→ **Activity**
From the first line of the records through the line containing "Faça login em", retype every line exactly and nothing else.

Stored entries

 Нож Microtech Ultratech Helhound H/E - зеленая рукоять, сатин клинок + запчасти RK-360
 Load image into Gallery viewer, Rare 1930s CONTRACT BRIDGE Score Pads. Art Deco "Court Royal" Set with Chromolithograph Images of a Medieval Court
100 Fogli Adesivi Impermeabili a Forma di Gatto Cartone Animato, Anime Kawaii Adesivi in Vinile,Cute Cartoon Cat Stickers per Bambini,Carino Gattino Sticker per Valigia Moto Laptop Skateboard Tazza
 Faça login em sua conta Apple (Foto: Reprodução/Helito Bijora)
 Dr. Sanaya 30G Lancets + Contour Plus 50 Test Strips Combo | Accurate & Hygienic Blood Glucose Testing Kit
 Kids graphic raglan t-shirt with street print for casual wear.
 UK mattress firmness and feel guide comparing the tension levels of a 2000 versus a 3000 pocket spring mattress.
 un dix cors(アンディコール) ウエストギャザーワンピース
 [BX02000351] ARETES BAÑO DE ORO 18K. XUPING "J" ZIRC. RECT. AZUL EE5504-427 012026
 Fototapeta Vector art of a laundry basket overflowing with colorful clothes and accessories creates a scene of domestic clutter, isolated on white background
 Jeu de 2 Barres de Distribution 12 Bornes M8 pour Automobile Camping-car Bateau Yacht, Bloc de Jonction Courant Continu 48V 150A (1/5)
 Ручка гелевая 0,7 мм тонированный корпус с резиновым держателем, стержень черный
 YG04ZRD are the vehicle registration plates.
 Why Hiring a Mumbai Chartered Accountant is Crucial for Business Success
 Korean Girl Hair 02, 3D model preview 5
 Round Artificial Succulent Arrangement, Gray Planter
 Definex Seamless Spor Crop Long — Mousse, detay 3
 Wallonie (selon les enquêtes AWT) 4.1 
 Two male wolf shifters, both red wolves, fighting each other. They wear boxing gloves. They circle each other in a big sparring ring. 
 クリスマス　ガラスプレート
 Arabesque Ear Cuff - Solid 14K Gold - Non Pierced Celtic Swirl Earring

→ **Result of this task**
 Нож Microtech Ultratech Helhound H/E - зеленая рукоять, сатин клинок + запчасти RK-360
 Load image into Gallery viewer, Rare 1930s CONTRACT BRIDGE Score Pads. Art Deco "Court Royal" Set with Chromolithograph Images of a Medieval Court
100 Fogli Adesivi Impermeabili a Forma di Gatto Cartone Animato, Anime Kawaii Adesivi in Vinile,Cute Cartoon Cat Stickers per Bambini,Carino Gattino Sticker per Valigia Moto Laptop Skateboard Tazza
 Faça login em sua conta Apple (Foto: Reprodução/Helito Bijora)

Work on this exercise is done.